The Au Sable River is back in excellent condition for steelhead fishing now after last week's flood. Water is still up a bit and has a stain to it but that is good for the fishing. Waters have finally hit 40 degrees and today warm rain should keep bringing more fish. We have been doing well of late but having to cover lots of water and not finding any big groups. Today we put 6 in net and some nice bright fish! The way things are going this run could last for a while now. Some pics from today.


----------



## fsamie1 (Mar 8, 2008)

nice fish and excellent report. What do you use to catch them? Are you fly fishing?


----------



## MichiganStreamside (Jan 19, 2014)

fsamie1 said:


> nice fish and excellent report. What do you use to catch them? Are you fly fishing?
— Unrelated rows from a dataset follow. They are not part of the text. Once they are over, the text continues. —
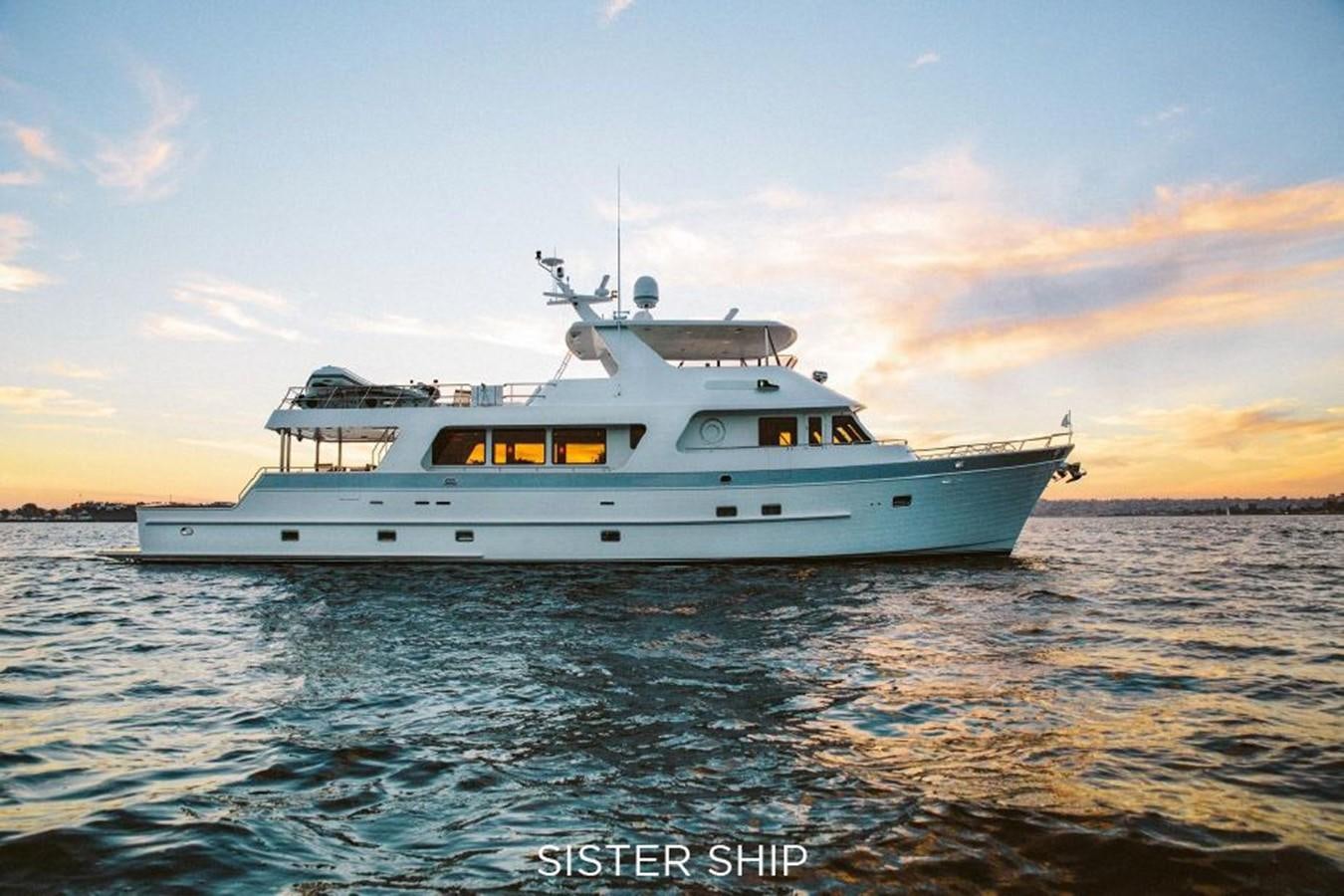 a boat on the water aboard 880 CPMY Yacht for Sale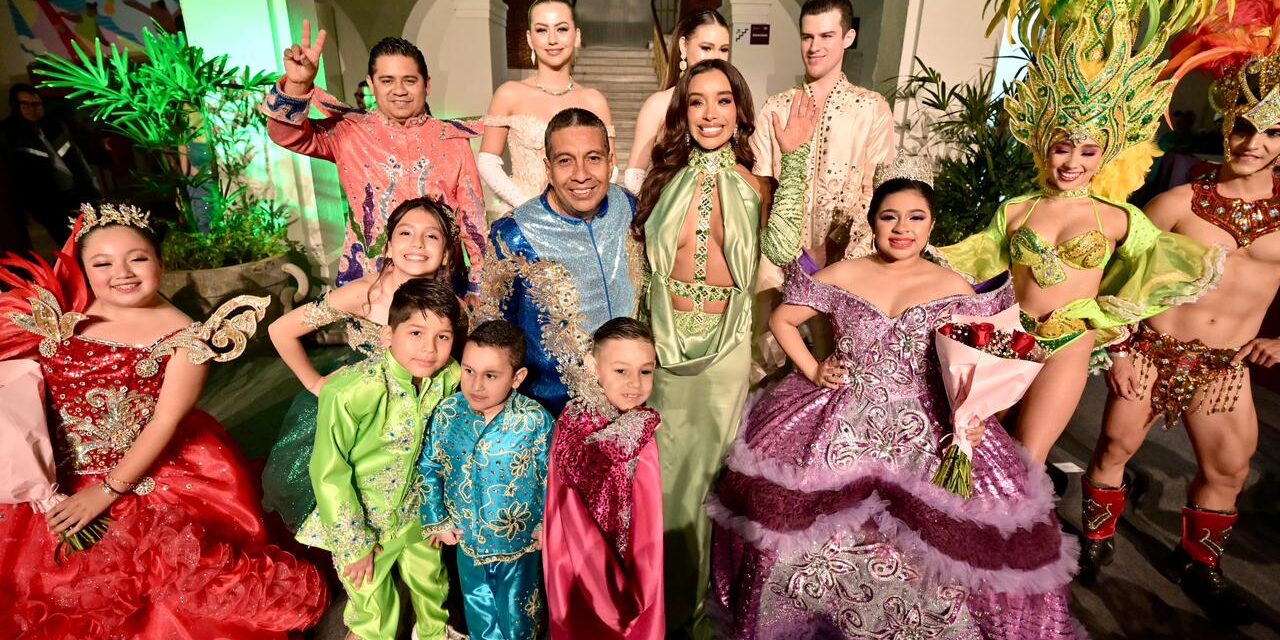 Presentan a la Corte Real del Carnaval de Veracruz 2026, “La Fiesta de ...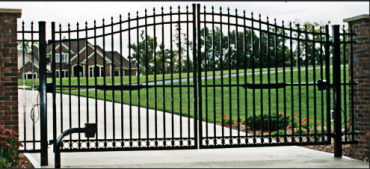iron fence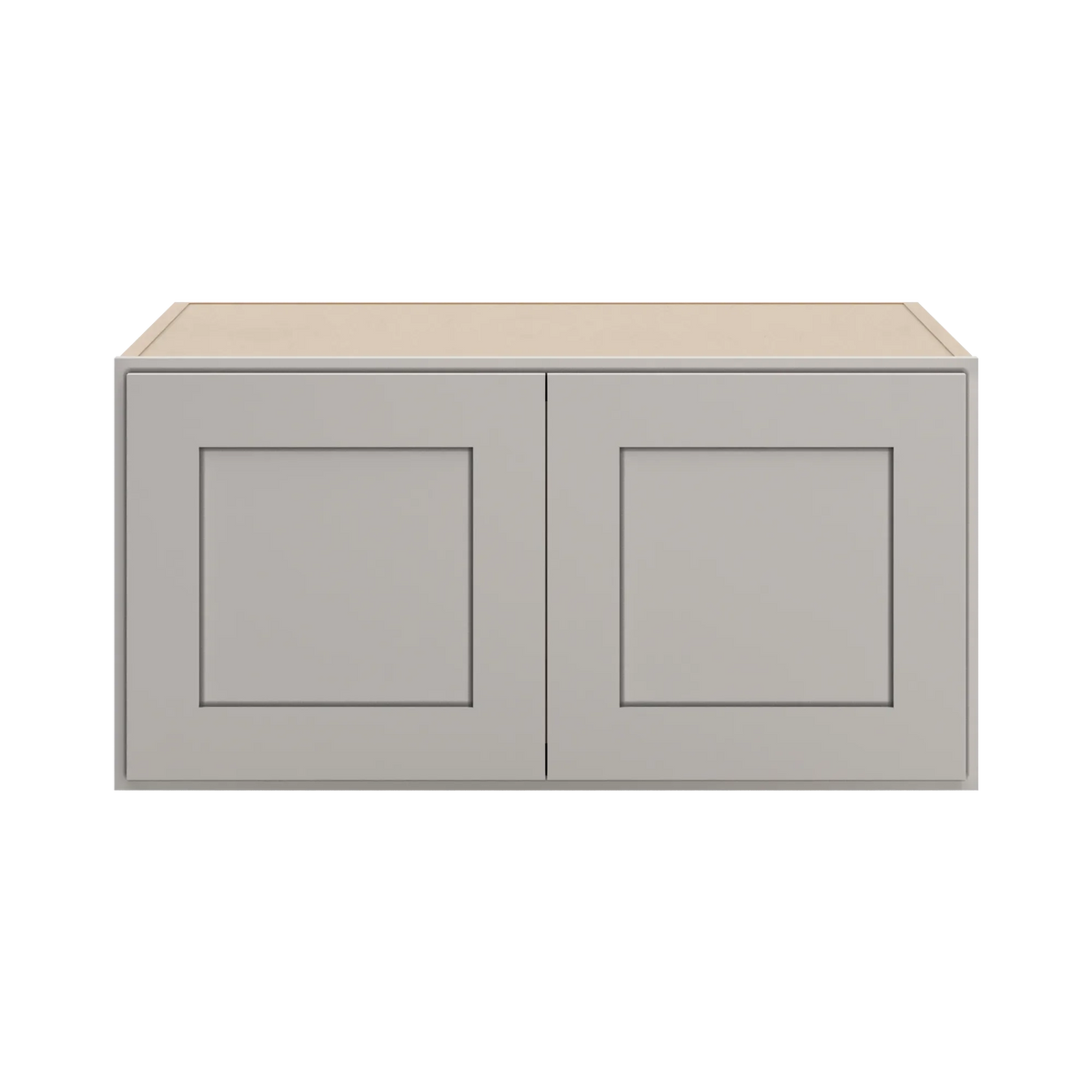 cnc luxor 5 piece misty grey 30 w x 15 h x 24 d double door wall cabinet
We use all flies. Of late with the higher water it was been larger egg patterns in cheese, salmon or chartreuse. Also some nymphs like Hex, Black Stones and Great Lakes Shrimp.


----------



## fishagain (Jan 2, 2014)

Fish look really solid!


----------



## GrizzlyAdams237 (Jan 29, 2010)

Nice job on the fish! 7 of us were out Saturday with nothing to show.


----------



## Jayvelaz1130 (Oct 11, 2012)

Went Saturday afternoon no hits either. Buddy lost one though

Sent from my SCH-I535 using Ohub Campfire mobile app


----------



## MichiganStreamside (Jan 19, 2014)

Bright chrome steelhead continue on the Au Sable River! There are a few winter fish spawning but some awesome fishing in the deep water. At the current rate this last could for at least a few more weeks or probably all of May.


----------



## vanish (Jan 18, 2013)

went up yesterday stopped at the highbanks quite a few guys didnt see any fish went to the damn did manage to land one of 4 and a buddy popped his steelhead cherry by going 1 for 4 as well water is good with just a little stain both were on flies lots of guys at the dam it was just pretty slow but fun .... also found out i have a hole somewhere in the knee and the ass of my waders


----------



## MichiganStreamside (Jan 19, 2014)

With out much spawning going on yet in river it makes for some poor fishing to stand at the High Banks and pound spawning gravel that has not even been worked up yet and only a couple of old winter fish in it.


----------



## MichiganStreamside (Jan 19, 2014)

vanish said:


> went up yesterday stopped at the highbanks quite a few guys didnt see any fish went to the damn did manage to land one of 4 and a buddy popped his steelhead cherry by going 1 for 4 as well water is good with just a little stain both were on flies lots of guys at the dam it was just pretty slow but fun .... also found out i have a hole somewhere in the knee and the ass of my waders


That water is way too cold for leaky waders!!!:lol:


----------



## Fishfighter (Dec 20, 2009)

I watched a guy go face first into that cold water trying to net a large hen.


----------